Heat 3 tablespoons of butter in a cast-iron skillet over medium/high heat. Then, sear all 4 sides for around 1-2 minutes each to brown it. Remove from heat and set aside.
Deglaze the cast iron skillet with 1/4 cup of beef broth. Then, over medium/high heat saute garlic and onion for 1-2 minutes until fragrant. Set aside.
Dice potatoes into 1.5 to 2-inch chunks and place them on the bottom of your slow cooker. Pour the garlic, onion, and broth on top of the potatoes.
Then, place the pork loin on top of the potatoes and pour the remaining broth and Worcestershire sauce on top of the pork.
Cover slow cooker and then turn heat to low. Set timer for 4 hours. Check the temperature of the pork at 4 hours and if the internal temperature at the thickest part has reached 145ºF, then you know it's done. If it's not quite there, continue cooking for up to 1 more hour. The potatoes should also be tender to the touch
Remove pork loin from slow cooker and set aside. Then, transfer potatoes into a large bowl and transfer the leftover broth/liquid into a small saucepan.
Make mashed potatoes by adding butter, Greek yogurt, milk, salt, and pepper to the bowl with the hot potatoes. Either use a handheld masher or a hand mixer to mash potatoes.

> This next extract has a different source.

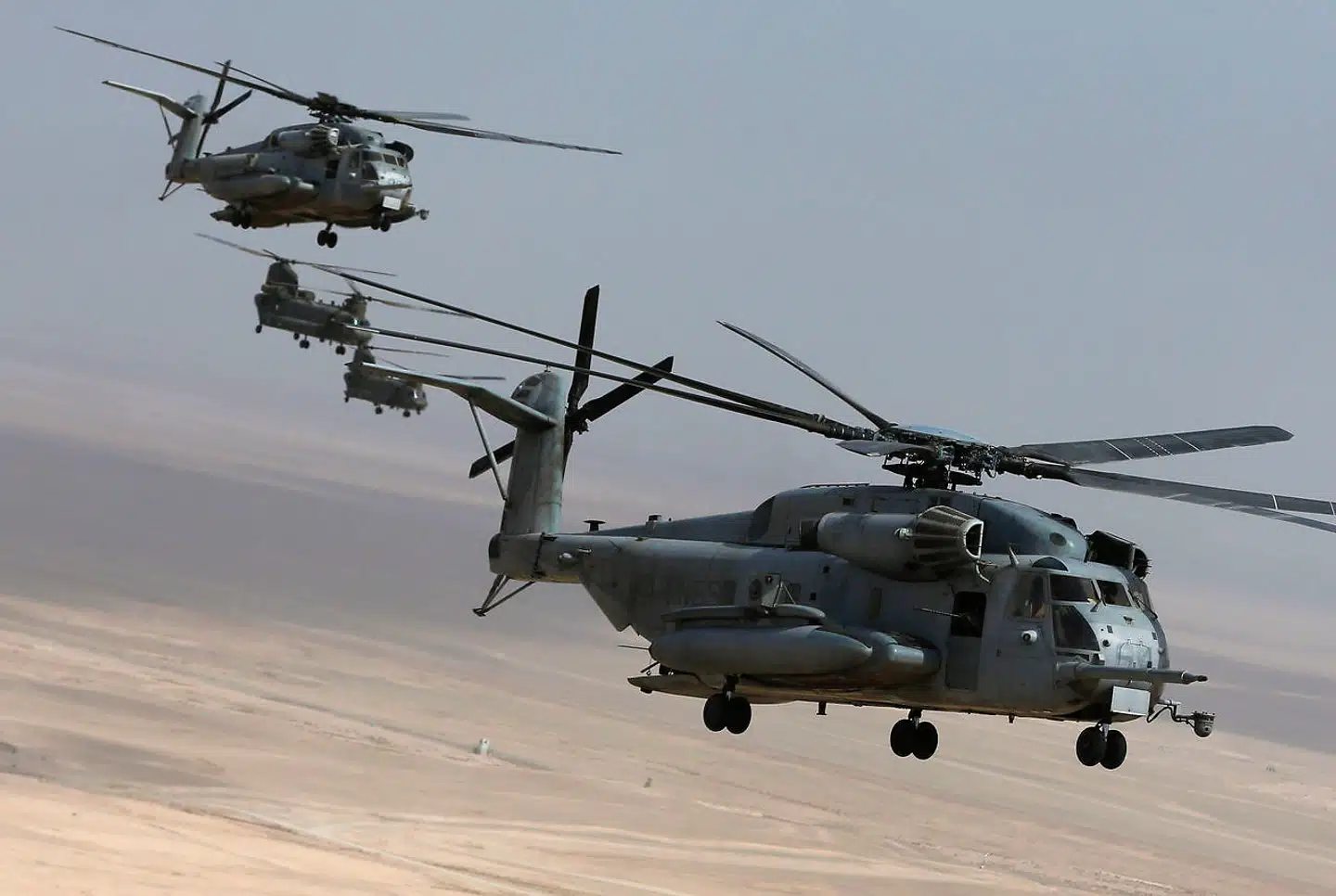 Amerikanske helikoptere over Camp Bastion i Helmand-provinsen 2014. Danske soldater har ifølge interne rapporter været vidner til mulige overgreb tilbage i september 2006, en måned før de internationale ISAF-styrker fik mandat til at operere overalt i Afghanistan.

Make gravy by turning the heat to medium/high. Bring the gravy to a simmer and then remove about 1/3 cup of liquid and create a cornstarch slurry by whisking it with 1 tablespoon of cornstarch. Pour the cornstarch slurry back into the saucepan and continue to simmer for a few more minutes until thickened. Once thickened, remove from heat.
Slice pork loin roast and serve on top of mashed potatoes with gravy on top.